Optimizing Interventions via Offline Policy Evaluation: Studies in Citizen Science
Keywords:Citizen Science, Off-line Policy Evaluation
Volunteers who help with online crowdsourcing such as citizen science tasks typically make only a few contributions before exiting. We propose a computational approach for increasing users' engagement in such settings that is based on optimizing policies for displaying motivational messages to users. The approach, which we refer to as Trajectory Corrected Intervention (TCI), reasons about the tradeoff between the long-term influence of engagement messages on participants' contributions and the potential risk of disrupting their current work. We combine model-based reinforcement learning with off-line policy evaluation to generate intervention policies, without relying on a fixed representation of the domain. TCI works iteratively to learn the best representation from a set of random intervention trials and to generate candidate intervention policies.

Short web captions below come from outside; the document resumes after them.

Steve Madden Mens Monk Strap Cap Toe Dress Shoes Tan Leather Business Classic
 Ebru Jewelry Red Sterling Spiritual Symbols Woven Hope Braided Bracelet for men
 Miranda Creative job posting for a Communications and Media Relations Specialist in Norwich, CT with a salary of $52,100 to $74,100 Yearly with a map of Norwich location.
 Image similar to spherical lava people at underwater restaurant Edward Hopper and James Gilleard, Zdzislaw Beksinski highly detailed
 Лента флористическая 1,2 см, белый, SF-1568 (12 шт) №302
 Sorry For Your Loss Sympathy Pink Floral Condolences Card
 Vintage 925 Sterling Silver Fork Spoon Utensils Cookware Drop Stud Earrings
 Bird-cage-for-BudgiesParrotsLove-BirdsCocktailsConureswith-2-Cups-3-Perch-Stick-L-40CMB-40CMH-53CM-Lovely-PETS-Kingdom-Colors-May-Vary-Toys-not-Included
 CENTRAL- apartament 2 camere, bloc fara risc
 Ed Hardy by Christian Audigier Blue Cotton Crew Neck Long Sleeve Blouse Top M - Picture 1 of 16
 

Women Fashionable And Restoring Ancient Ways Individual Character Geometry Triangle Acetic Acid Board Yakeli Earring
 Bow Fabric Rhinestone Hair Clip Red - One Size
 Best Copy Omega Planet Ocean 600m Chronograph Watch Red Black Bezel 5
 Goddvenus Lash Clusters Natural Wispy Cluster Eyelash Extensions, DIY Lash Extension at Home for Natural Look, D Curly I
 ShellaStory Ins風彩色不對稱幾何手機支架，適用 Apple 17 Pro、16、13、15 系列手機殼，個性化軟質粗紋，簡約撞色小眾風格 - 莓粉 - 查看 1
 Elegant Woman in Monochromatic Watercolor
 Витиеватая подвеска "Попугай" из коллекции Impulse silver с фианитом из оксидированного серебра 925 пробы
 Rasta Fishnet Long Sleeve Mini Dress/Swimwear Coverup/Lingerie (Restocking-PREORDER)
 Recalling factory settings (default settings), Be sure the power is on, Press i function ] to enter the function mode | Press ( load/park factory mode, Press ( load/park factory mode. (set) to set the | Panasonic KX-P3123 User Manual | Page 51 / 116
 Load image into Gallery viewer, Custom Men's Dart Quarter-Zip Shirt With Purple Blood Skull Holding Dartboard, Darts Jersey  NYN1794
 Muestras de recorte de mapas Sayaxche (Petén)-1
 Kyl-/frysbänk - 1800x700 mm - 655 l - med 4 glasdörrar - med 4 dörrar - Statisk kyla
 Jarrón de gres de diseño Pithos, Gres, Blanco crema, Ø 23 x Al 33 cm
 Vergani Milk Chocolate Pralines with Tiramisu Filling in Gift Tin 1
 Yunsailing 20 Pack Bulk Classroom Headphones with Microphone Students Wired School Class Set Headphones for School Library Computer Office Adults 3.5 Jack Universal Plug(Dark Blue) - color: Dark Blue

It is able to refine selected policies off-line by exploiting the fact that users can only be interrupted once per session.We implemented TCI in the wild with Galaxy Zoo, one of the largest citizen science platforms on the web. We found that TCI was able to outperform the state-of-the-art intervention policy for this domain, and significantly increased the contributions of thousands of users. This work demonstrates the benefit of combining traditional AI planning with off-line policy methods to generate intelligent intervention strategies.